A few pointers to understanding this style of champagne: Blanc de blancs
A blanc de blancs is a style of Champagne which is growing in popularity and it's easy to understand why. They are divine!
A ‘Blanc de blancs’ literally translates to ‘white of whites’ intimating that the wine maker has made a white wine from a white grape, most commonly in Champagne that grape is the chardonnay varietal.Blanc de blancs is most famously realised in the Côte des Blancs, south of Epernay. Spanning 19 kilometres of chalk-rich soils, the Côte de Blancs is home to magnificent Chardonnay vineyards, with 6 of 13 village being Grand Cru villages.
The three grapes grown universally in champagne are chardonnay (white grape), pinot noir (red grape) and meunier (red grape).
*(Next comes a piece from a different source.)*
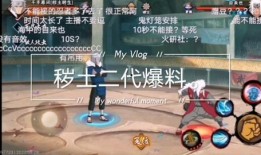 情报君爆料秽土迪达拉视频,情报君揭秘神秘力量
Chardonnay is considered one of the noble grapes of the region and offers finesse and elegance to the wine, she is the queen of the Champagne appellation and pinot noir is her trusty king.
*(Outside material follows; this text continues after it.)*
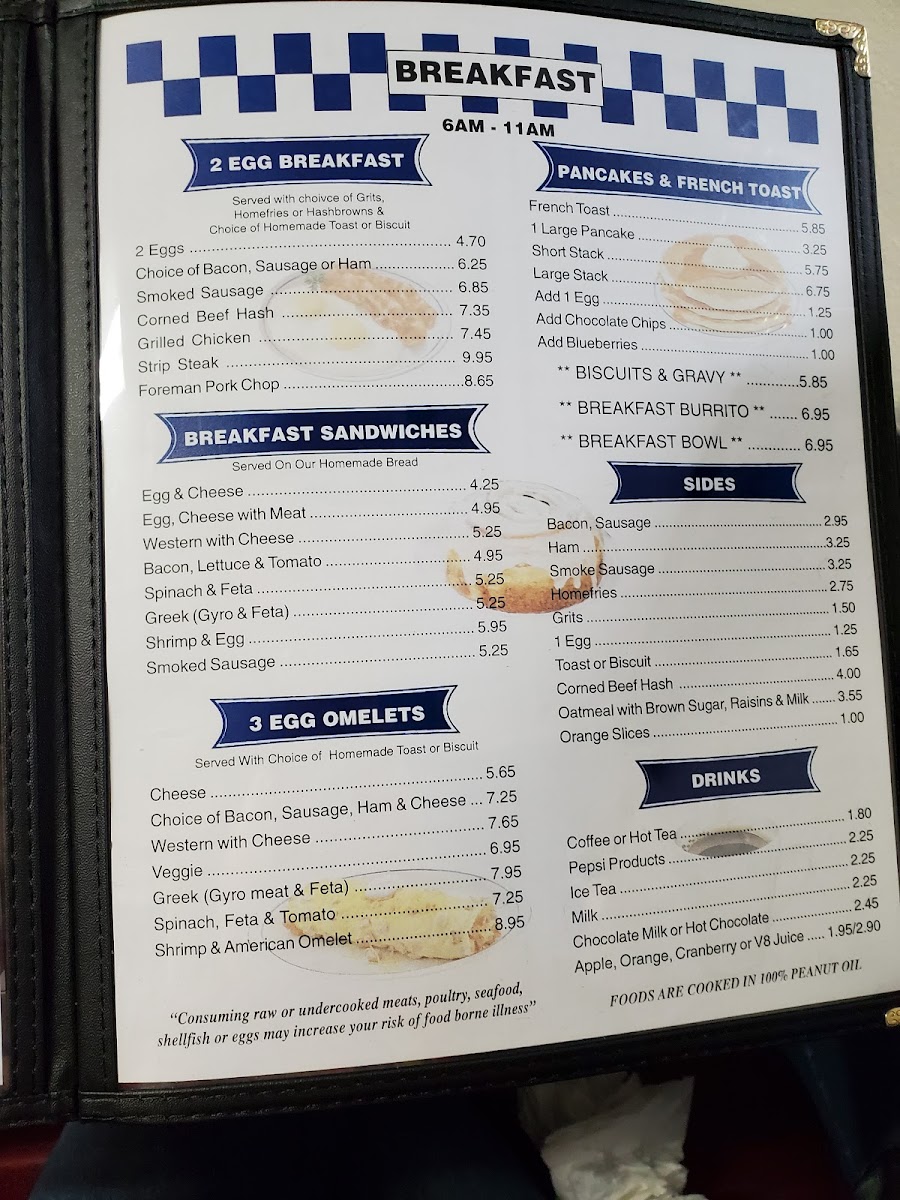 Menu Photo 4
The chardonnay grape can be somewhat of a chameleon taking on the characteristic of the vineyard and region it is grown in, consequently chardonnay from Champagne offers up stunning chalky minerality and occasionally saline notes which makes it a superb companion for oysters and seafood.
Chardonnay is racy, mineral and has strong spine of acidity in her youth - when she has been aged in the cellar for only a few years – whereas a chardonnay over time ages gracefully and offers a more velvety texture on the palate with notes of cream, nuts and brioche.
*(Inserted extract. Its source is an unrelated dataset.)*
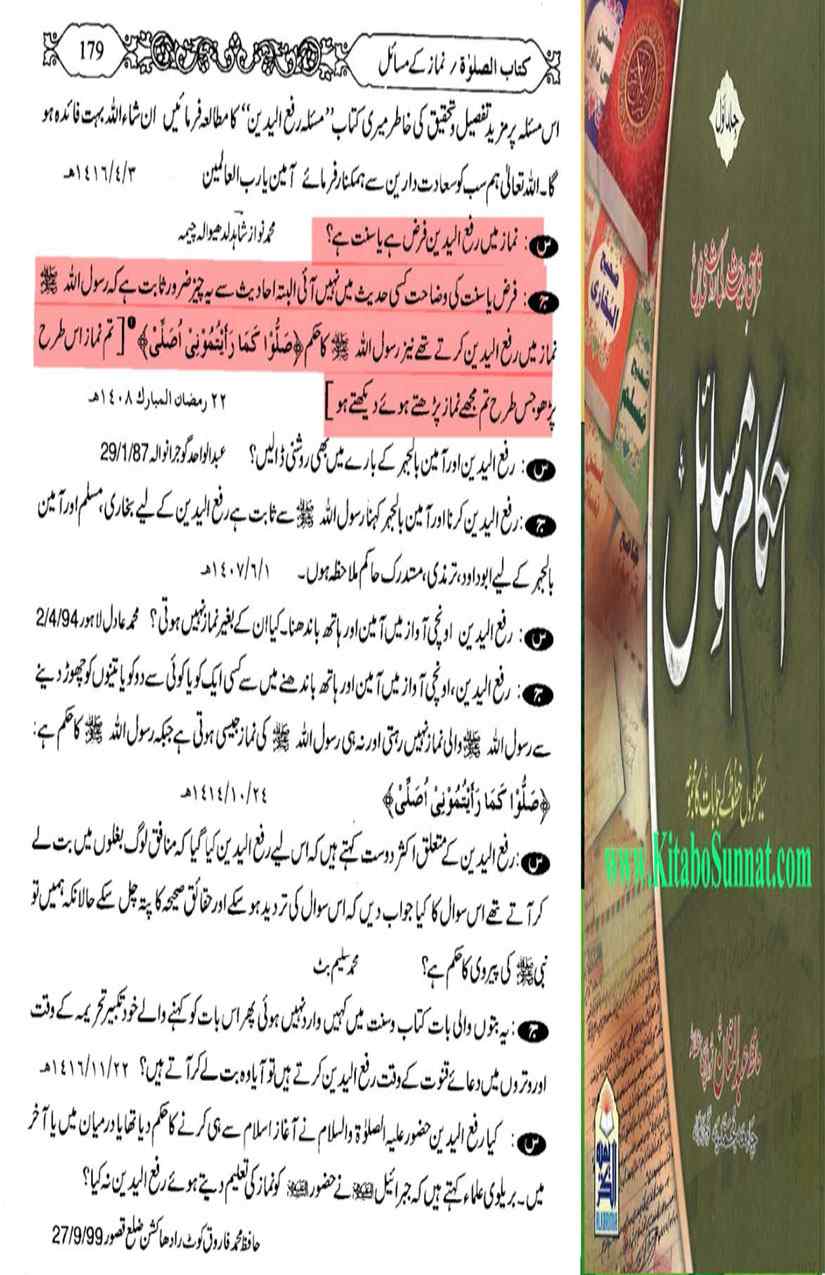12-Masail-Scan_Page_132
A great Blanc de Blancs champagne can be simply ethereal and as heavenly as any wine from its neighbor Burgundy!
Characteristics of Blanc de Blancs
Color: Pale yellow with a green tinge.
Typical youthful chardonnay aromas: Citrus, lemon, grapefruit, white flowers, orange, mandarin, salty, chalky or mineral.
Typical aged chardonnay aromas: Butter, baked bread, brioche, vanilla, nuts and cream.
Texture: Racy acidity, energetic, silky texture on palate.
When to drink: As an aperitif, with oysters, caviar and other seafood.